## INSTRUCTIONS TO FOLLOW:
Return the listing exactly as it appears, but strip out the images.

## SOURCE MATERIAL:
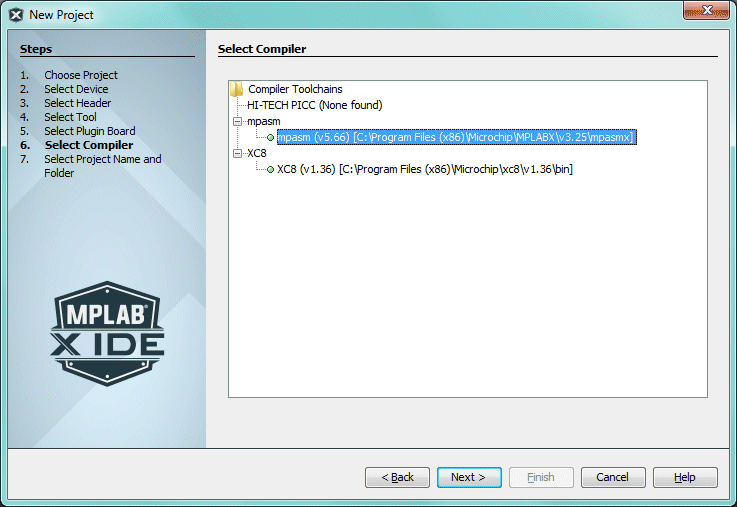 Select Compiler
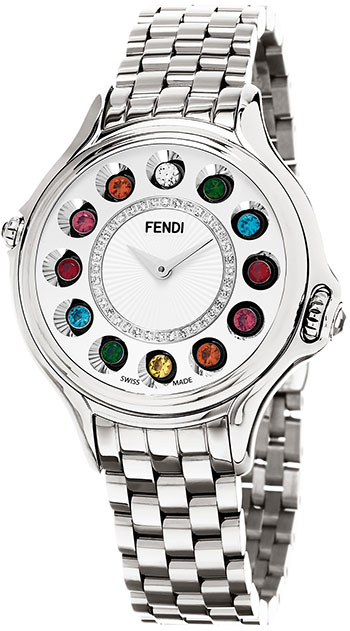 Fendi Crazy Carats Ladies Watch Model F107034000D2T05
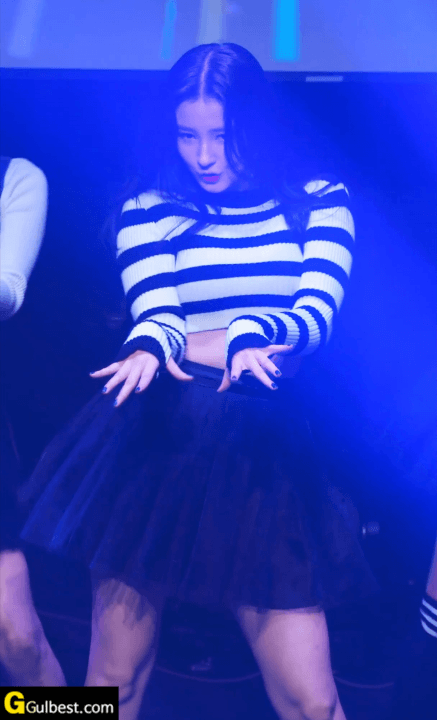 모모랜드 낸시.gif | 인스티즈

## TASK RESULT:
 Select Compiler
 Fendi Crazy Carats Ladies Watch Model F107034000D2T05
 모모랜드 낸시.gif | 인스티즈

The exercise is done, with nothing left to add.